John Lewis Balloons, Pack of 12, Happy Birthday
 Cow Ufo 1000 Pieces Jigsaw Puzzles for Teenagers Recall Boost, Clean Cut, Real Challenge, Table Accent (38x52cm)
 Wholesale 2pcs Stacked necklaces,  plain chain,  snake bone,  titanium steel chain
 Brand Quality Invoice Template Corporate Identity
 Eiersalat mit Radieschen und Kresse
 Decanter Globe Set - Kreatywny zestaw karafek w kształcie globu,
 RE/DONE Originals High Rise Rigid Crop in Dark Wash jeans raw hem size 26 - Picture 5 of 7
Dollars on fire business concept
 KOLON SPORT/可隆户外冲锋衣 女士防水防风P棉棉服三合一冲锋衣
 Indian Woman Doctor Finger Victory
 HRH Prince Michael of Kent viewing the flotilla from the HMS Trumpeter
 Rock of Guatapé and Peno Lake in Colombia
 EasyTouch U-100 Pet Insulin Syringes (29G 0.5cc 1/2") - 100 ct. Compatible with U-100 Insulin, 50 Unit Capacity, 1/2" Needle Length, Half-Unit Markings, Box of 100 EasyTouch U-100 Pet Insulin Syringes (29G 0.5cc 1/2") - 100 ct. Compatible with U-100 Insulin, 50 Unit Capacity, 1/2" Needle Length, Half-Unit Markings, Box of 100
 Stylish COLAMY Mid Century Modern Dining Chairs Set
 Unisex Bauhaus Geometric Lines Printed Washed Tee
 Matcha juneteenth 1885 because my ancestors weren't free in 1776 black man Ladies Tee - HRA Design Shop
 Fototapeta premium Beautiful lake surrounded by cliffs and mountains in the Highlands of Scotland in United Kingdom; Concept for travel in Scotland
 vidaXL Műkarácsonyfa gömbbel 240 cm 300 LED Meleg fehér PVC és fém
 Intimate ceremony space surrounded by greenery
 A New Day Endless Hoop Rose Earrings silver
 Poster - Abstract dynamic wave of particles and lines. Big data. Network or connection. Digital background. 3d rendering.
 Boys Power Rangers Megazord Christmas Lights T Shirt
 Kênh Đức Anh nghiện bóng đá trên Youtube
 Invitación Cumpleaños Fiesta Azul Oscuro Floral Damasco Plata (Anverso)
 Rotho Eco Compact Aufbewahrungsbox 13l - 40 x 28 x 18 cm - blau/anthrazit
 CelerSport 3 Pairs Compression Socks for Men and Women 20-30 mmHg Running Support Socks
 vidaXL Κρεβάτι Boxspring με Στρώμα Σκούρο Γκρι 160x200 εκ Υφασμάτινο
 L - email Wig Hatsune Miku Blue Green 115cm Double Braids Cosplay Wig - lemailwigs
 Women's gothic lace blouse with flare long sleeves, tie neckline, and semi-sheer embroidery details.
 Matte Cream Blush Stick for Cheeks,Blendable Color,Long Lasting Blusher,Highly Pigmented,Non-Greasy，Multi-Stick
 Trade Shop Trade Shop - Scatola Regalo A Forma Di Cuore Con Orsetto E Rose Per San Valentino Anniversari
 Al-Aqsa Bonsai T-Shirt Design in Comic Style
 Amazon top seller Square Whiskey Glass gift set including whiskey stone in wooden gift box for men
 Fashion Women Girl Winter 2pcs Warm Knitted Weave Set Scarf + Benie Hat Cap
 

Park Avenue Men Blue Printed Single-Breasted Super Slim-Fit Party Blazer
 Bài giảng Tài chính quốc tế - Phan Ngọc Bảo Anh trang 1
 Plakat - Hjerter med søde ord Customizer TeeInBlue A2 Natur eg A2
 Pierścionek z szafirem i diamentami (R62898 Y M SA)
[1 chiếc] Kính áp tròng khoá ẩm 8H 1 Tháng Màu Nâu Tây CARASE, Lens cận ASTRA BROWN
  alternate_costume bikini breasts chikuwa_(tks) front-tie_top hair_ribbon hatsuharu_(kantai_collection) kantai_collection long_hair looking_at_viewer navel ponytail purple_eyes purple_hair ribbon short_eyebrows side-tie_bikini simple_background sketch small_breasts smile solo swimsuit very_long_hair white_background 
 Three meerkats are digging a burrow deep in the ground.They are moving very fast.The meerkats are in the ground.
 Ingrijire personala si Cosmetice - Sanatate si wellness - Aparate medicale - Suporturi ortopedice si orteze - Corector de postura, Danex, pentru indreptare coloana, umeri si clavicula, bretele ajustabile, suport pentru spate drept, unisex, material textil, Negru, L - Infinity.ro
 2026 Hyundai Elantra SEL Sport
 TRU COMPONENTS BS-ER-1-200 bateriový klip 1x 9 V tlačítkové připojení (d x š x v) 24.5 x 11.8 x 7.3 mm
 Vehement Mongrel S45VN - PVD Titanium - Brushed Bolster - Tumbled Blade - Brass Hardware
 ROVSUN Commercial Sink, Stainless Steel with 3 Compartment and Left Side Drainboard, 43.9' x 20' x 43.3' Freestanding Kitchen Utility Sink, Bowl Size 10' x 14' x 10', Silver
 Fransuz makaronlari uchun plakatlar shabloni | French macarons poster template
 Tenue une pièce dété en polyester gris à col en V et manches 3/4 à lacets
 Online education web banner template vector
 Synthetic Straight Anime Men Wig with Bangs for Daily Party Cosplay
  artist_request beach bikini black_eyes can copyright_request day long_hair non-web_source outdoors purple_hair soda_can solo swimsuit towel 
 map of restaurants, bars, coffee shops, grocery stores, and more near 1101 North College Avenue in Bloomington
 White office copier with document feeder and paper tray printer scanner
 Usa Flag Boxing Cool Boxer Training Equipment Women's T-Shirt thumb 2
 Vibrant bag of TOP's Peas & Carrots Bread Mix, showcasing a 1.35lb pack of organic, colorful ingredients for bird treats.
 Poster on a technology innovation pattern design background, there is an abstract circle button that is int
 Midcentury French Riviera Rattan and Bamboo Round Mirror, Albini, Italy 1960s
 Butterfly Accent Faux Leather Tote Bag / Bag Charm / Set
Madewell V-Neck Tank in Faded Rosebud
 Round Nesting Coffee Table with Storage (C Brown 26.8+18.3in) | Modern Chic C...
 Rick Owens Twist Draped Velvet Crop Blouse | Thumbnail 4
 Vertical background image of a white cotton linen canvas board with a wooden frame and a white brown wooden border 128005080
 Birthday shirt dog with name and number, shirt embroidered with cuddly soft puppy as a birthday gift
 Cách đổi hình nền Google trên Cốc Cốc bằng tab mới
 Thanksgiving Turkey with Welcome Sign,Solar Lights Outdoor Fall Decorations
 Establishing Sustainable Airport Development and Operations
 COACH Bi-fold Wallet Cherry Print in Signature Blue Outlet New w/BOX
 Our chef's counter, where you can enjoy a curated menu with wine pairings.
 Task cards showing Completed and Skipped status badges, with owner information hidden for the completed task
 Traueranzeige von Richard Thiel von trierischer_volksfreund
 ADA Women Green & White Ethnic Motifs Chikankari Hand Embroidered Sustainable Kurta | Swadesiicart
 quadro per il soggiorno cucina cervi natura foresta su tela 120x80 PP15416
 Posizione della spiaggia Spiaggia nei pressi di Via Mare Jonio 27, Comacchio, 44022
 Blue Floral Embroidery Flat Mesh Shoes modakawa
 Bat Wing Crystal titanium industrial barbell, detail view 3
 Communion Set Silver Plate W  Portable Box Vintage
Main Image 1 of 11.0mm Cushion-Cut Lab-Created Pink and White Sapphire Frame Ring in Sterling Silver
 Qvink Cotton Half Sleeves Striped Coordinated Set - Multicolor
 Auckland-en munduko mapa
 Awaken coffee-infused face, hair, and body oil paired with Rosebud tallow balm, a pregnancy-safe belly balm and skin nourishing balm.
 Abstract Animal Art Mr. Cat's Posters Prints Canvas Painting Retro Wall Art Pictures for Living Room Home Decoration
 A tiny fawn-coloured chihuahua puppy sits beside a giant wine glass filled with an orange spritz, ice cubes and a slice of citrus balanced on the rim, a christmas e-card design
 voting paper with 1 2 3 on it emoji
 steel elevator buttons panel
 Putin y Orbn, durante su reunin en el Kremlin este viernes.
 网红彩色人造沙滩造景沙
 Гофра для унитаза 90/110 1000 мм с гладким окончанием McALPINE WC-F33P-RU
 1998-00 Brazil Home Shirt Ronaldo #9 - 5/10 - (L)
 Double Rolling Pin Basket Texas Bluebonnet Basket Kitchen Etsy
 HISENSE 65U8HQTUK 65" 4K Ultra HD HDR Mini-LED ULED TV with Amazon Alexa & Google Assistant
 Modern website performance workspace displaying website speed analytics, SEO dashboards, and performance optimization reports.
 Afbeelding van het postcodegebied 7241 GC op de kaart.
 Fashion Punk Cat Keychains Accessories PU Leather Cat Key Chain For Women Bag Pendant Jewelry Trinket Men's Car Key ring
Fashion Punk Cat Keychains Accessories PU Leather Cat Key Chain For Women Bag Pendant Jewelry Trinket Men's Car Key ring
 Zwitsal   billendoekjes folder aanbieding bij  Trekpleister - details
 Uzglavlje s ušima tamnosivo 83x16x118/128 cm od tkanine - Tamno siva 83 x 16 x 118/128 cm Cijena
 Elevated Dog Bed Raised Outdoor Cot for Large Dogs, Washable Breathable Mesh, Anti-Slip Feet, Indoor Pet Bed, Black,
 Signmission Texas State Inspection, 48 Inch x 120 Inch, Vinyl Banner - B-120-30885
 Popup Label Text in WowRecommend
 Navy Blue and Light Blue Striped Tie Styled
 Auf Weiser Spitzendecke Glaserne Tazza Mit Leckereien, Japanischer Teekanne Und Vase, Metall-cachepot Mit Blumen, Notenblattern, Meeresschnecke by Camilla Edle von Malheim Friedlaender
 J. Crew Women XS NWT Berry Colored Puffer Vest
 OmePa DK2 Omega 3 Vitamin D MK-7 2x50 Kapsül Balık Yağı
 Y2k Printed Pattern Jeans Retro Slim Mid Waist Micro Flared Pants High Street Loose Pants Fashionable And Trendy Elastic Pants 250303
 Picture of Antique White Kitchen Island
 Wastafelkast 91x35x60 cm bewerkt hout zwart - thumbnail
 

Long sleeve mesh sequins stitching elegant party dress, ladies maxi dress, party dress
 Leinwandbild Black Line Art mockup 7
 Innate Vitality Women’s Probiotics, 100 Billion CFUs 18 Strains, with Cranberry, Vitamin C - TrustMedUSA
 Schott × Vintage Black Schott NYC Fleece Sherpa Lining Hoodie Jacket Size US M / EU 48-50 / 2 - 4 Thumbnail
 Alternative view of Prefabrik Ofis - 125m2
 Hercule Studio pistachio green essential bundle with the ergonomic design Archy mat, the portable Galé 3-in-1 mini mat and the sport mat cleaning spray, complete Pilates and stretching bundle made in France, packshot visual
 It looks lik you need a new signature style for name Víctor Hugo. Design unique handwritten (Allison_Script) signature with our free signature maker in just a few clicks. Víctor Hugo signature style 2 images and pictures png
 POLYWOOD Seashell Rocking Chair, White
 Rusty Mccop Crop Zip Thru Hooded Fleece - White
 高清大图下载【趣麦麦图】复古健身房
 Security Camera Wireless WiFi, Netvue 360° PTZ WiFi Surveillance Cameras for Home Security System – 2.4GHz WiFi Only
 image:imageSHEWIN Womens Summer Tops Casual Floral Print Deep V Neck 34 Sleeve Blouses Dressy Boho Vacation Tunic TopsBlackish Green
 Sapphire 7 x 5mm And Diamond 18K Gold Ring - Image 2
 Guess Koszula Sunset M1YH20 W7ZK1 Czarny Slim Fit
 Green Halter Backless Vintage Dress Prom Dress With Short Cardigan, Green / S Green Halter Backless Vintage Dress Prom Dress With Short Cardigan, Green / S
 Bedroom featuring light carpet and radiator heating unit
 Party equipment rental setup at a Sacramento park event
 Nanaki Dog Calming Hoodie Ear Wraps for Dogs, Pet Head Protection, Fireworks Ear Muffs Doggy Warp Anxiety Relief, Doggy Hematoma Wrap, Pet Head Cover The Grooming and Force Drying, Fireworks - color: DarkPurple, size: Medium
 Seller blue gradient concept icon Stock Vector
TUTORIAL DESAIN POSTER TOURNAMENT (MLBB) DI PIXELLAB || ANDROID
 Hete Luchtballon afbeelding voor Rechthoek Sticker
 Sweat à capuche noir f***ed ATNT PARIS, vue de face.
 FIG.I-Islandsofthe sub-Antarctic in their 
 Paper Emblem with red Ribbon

== == ==

__Work task__.
There is a run of lines above from the one with "HRH Prince Michael" to the one with "of 100 EasyTouch"; print exactly that run, both ends included, and nothing else.

__Result of this exercise__.
 HRH Prince Michael of Kent viewing the flotilla from the HMS Trumpeter
 Rock of Guatapé and Peno Lake in Colombia
 EasyTouch U-100 Pet Insulin Syringes (29G 0.5cc 1/2") - 100 ct. Compatible with U-100 Insulin, 50 Unit Capacity, 1/2" Needle Length, Half-Unit Markings, Box of 100 EasyTouch U-100 Pet Insulin Syringes (29G 0.5cc 1/2") - 100 ct. Compatible with U-100 Insulin, 50 Unit Capacity, 1/2" Needle Length, Half-Unit Markings, Box of 100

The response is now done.